The First World War is the foundational calamity. It killed millions while furnishing millions more with youthful experience to be endowed with meaning, destroyed an old order while giving rise to new ideas of empire, and ended a globalisation while bringing new dreams of autarky. It brought an east European colony, including the world's major Jewish population, briefly but fatefully under German rule. Having sent Vladimir Lenin in a sealed train to Petersburg, Imperial Germany exploited the Bolshevik Revolution to win the war on the eastern front and establish east European client states in 1918. The most important of these, Ukraine, was to supply the grain to feed German troops fighting on the western front, who were defeated before the impracticality of this scheme became entirely apparent. After the German defeat on the western front and the peace at Versailles, many Germans were tempted by the idea of a ‘stab in the back’ by German Jews and socialists. German troops returning undefeated from the east were prone to blame the Bolsheviks, who filled the power vacuum that they left behind, and whom they associated with eastern Jews.

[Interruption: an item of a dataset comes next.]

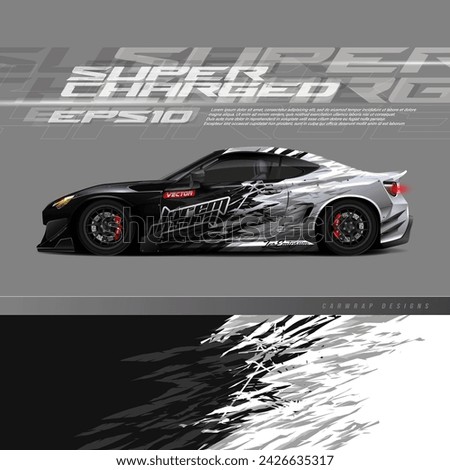 Car wrap decal designs. Abstract racing and sport background for racing livery or daily use car vinyl sticker.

In the German republic of the 1920s, Adolf Hitler and his National Socialist party articulated these anti-Semitic explanations for Germany's woes: Jews were responsible for all that ailed German civilisation; Jews created the communism that blocked Germany from needed living space in the east; and Jews were responsible whenever Germany's aspirations were resisted by outside powers. Ideology reduced Jews to objects, causal forces that could be flexibly invoked to explain Germany's fate, without subjectivity and worth as individual human beings. But ideology is nothing without economics, which in the time and place was territorial and agrarian. Hitler believed that the reconquest of Ukraine from the Bolsheviks would make Germany self-sufficient in food, even as it allowed the German race to propagate and purify itself through pastoral colonialism. Germany's own Jewish population was quite small, but any such plan for eastward expansion would require the renewed control over the east European lands where most Jews lived: the western Soviet Union, and Poland which stood between.

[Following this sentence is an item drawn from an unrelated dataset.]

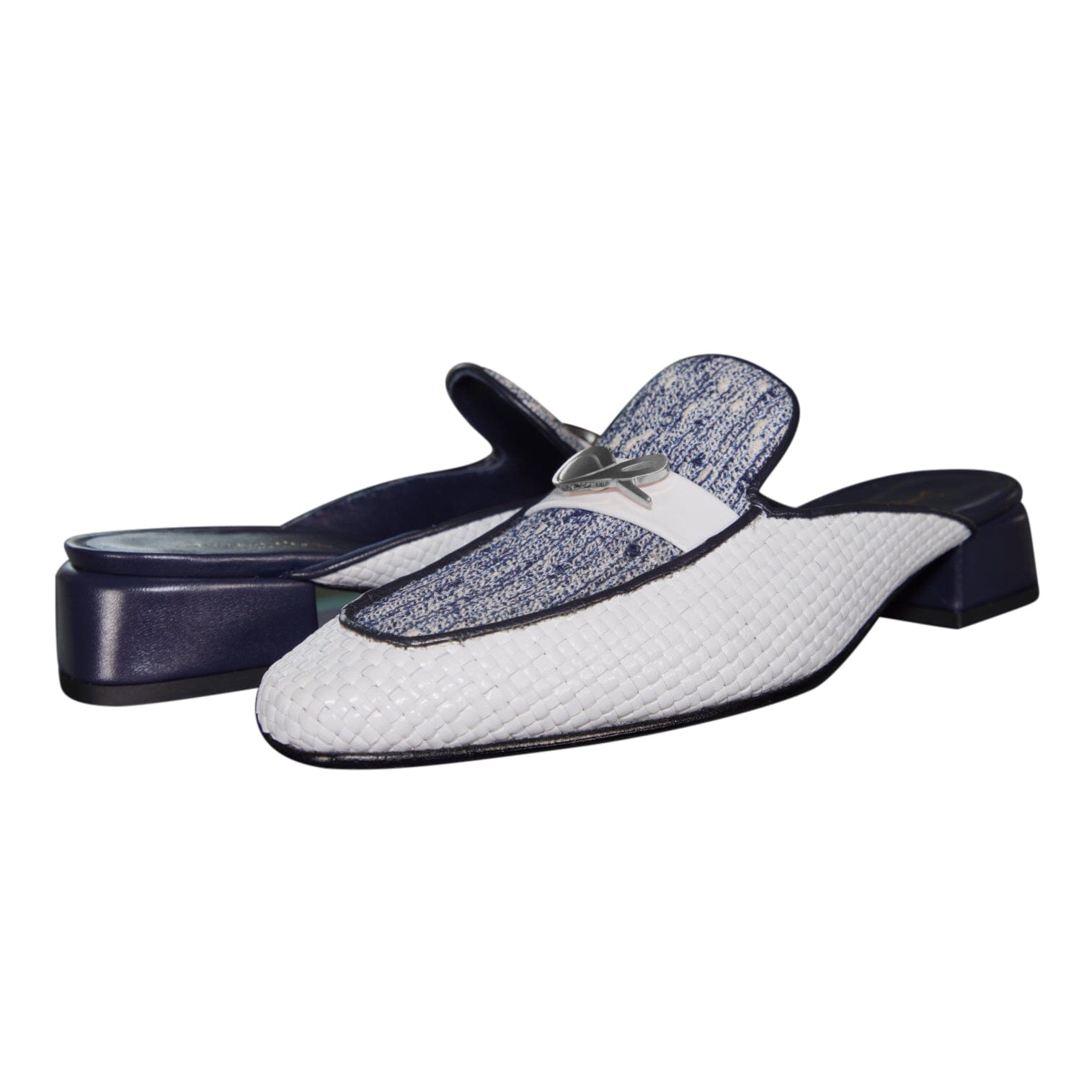 Cobalt Tweed Tessere Silver Slipper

In the 1920s, when Hitler was writing his books and the Nazis were losing elections, this could all appear a distant dream. By the terms of Versailles, Germany not only lost any claim to Ukraine, Belarus and the Baltic region, which it controlled in 1918, but some of its own pre-war territory to a newly independent Poland. Immediately after the war, in 1919, it was Poland rather than Germany that fought and won a war of destiny with Bolshevik Russia. The Treaty of Riga of 1921 confirmed the existence of Poland as an independent republic, and established that Bolshevik power would take the form of a state with external borders and internal national frontiers: the Union of Soviet Socialist Republics established in 1922. The bulk of Europe's Jews were divided between Poland (about three million) and the Soviet Union (also about three million, most in the western Soviet republics of Ukraine and Belarus, which bordered Poland.) Significant numbers of Jews also found themselves in post-war Hungary, Romania, Czechoslovakia, Lithuania and Latvia.

In the decade after Lenin's death in 1924, Josif Stalin rose to power with a resolution of the great ideological enigma of young Soviet power. According to Marxism, revolutions were to take place in modern industrial societies such as Germany, not in backward agrarian empires such as Russia. Lenin and his allies had made a revolution in the Russian Empire, believing that German comrades and workers would quickly come to the rescue. When German revolutionaries did not triumph in the post-war chaos of 1919, and when Poland blocked the way to Germany in 1920, Soviet leaders adapted their revolutionary institutions to the needs of a new state. The disciplined Communist party and the extraordinary state police became the tools of a revolution from within, since no revolution was coming from without. Stalin and other leading Bolsheviks proposed a vast modernisation project that would exploit the agricultural resources of the Soviet Union to promote its industrialisation. In 1924, as Hitler was writing about National Socialism for the German race, Stalin proposed ‘socialism in one country’. Both of these visions concerned the entire Soviet Union, which included much of the world homeland of Jews.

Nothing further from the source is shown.